Die Streifen wurden zu 105 Verkehrsunfällen im Stadtgebiet gerufen, wobei in 21 Fällen Personen verletzt wurden. 24 Verkehrsteilnehmer flüchteten nach Unfällen - neun Verursacher konnten bereits ermittelt und angezeigt werden.
Elf Verkehrsteilnehmer wurden mit mehr als 1,1 Promille Atemalkohol kontrolliert. Es wurde bei allen sofort der Führerschein sichergestellt und Anzeige wegen Trunkenheit im Verkehr erstattet. Bei 14 Kraftfahrern wurden Werte zwischen 0,5 und 1,1 Promille festgestellt, und sieben Autofahrer standen unter Drogeneinfluss.
23.05.05

Finger abgerissen

Nürnberg (ots) - Am Samstag gegen 18.45 Uhr wollte ein 20jähriger Mann einen Zaun im Bereich der Steintribüne (Beuthener Straße) übersteigen, um seinen Weg abzukürzen. Dabei blieb er mit dem Ring, den er am Ringfinger der rechten Hand trug, am Zaun hängen. Bei dem Vorfall wurde ihm der Ringfinger abgerissen.
Ein Freund des Verunglückten verständigte eine in der Nähe befindliche Polizeistreife. Von Notarzt und Rettungsdienst wurde der junge Mann zunächst medizinisch versorgt und anschließend in ein Nürnberger Klinikum eingeliefert. Die Suche nach dem Finger verlief erfolgreich. Leider gelang es nicht, den Ringfinger wieder anzunähen.
22.05.05

Beifahrer starb

Schwabach (ots) - Am Samstag gegen 12.50 Uhr befuhr ein 39jähriger Autofahrer die B 466 von Schwabach in Richtung Gunzenhausen.
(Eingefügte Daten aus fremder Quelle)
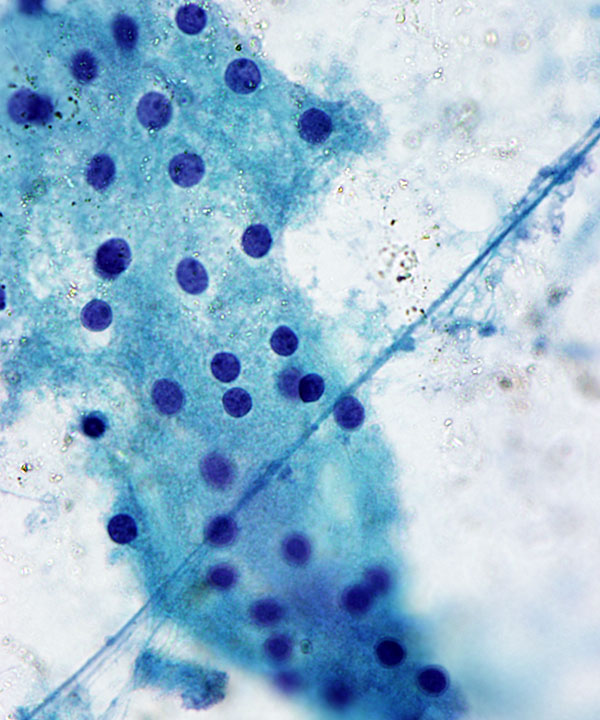 05 : Kidney Normal Kidney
Auf der Brücke bei Barthelsmesaurach übersah er einen vor ihm fahrenden Traktor mit Anhänger und fuhr auf das Gespann auf.
Bei dem Aufprall wurde der 41jährige Beifahrer so schwer verletzt, dass er noch an der Unfallstelle verstarb. Der Fahrer wurde mit erheblichen Verletzungen ins Krankenhaus Schwabach gebracht.
Der 64-jähige Landwirt wurde bei dem Aufprall glücklicherweise nicht verletzt.
Nach Rücksprache mit der Staatsanwaltschaft wurde zur Klärung des Unfallhergangs ein Sachverständiger hinzugezogen.
Bei dem Unfallverursacher wurde eine Blutentnahme angeordnet. Am Pkw entstand Totalschaden, der Anhänger des Traktors wurde leicht beschädigt.